Exercise requirements:
Having located "Guru - Jazzmatazz, Vol. 1 - Amazon.com Music" in the listing below, write out its line and every following line exactly, last line included, without the pictures.

Exercise material:
☆ ☆ ☆ ☆ ☆ ☆ ☆

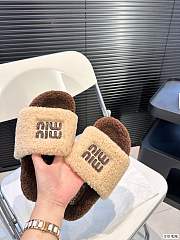 MiuMiu Slippers Brown - 3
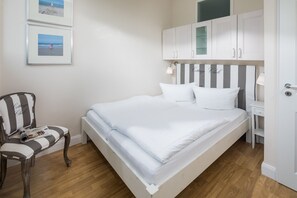 1 Schlafzimmer, WLAN, BettwÀsche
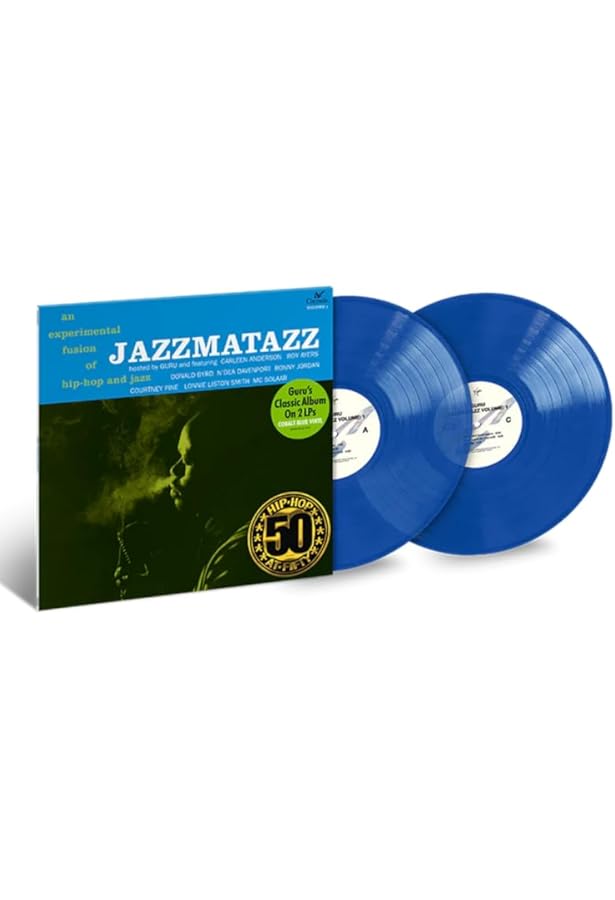 Guru - Jazzmatazz, Vol. 1 - Amazon.com Music
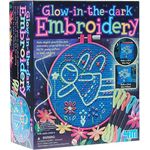 4M Glow In The Dark Embroidery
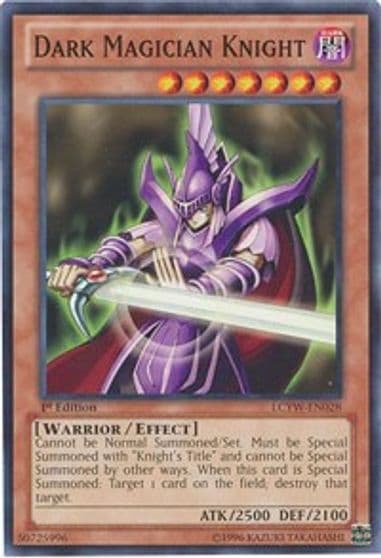 Dark Magician Knight Legendary Collection 3: Yugi's World Yu-Gi-Oh! card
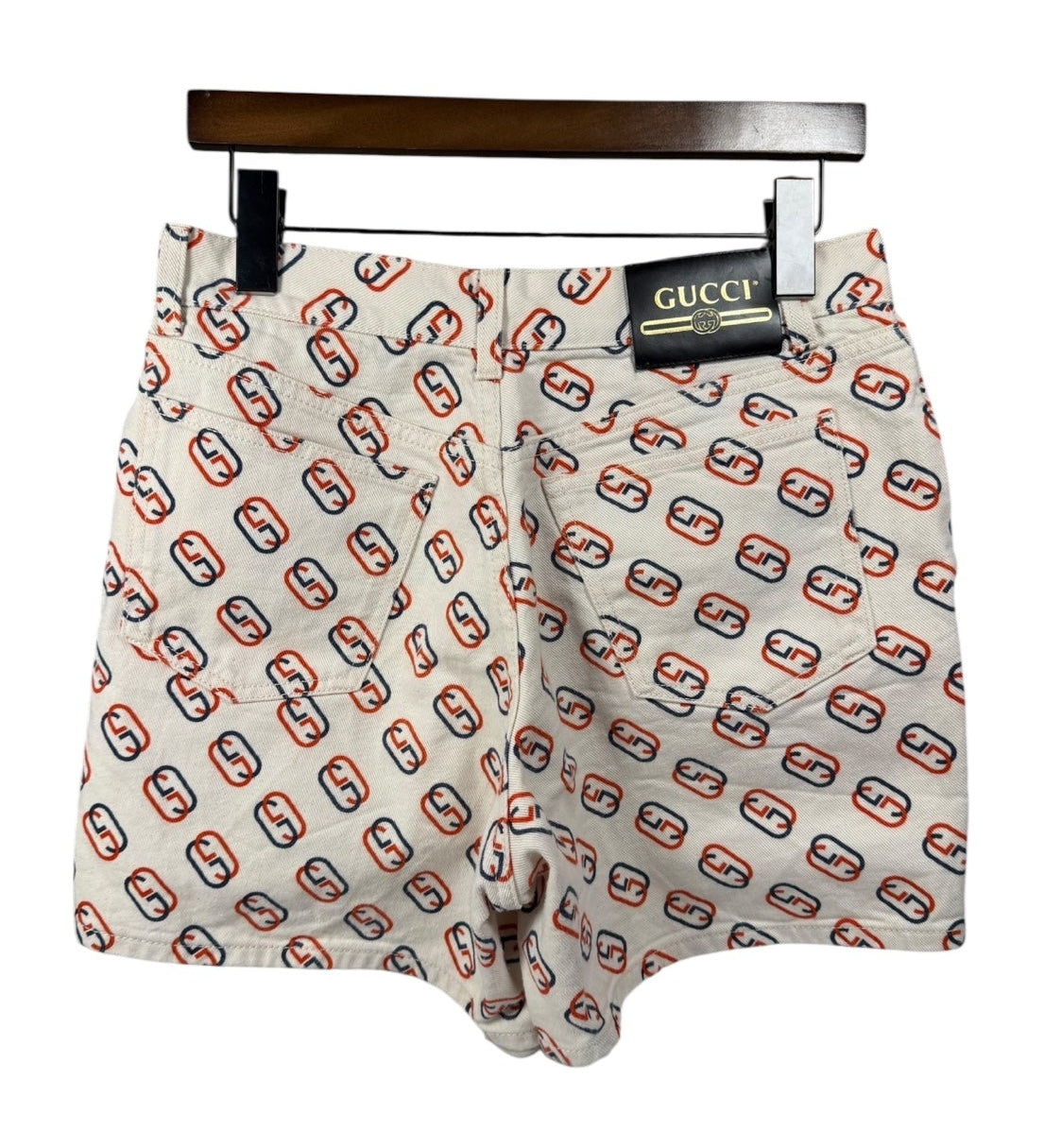 Gucci All Over GG Shorts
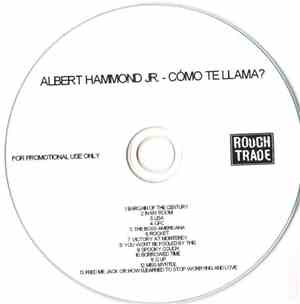 Albert Hammond, Jr. - Cómo Te Llama?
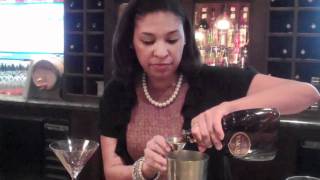 Hotel HowTo with The Peabody Memphis How to Make a Chocolate Martini [upl. by Lalib788]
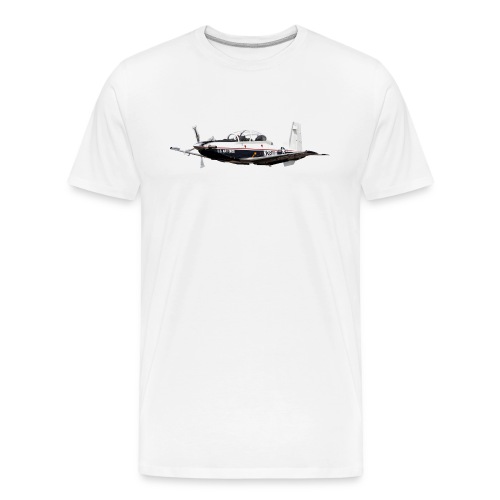 T-6A Texan II - Männer Premium Bio T-Shirt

☆ ☆ ☆ ☆ ☆ ☆ ☆

Reply to the exercise:
 Guru - Jazzmatazz, Vol. 1 - Amazon.com Music
 4M Glow In The Dark Embroidery
 Dark Magician Knight Legendary Collection 3: Yugi's World Yu-Gi-Oh! card
 Gucci All Over GG Shorts
 Albert Hammond, Jr. - Cómo Te Llama?
 Hotel HowTo with The Peabody Memphis How to Make a Chocolate Martini [upl. by Lalib788]
 T-6A Texan II - Männer Premium Bio T-Shirt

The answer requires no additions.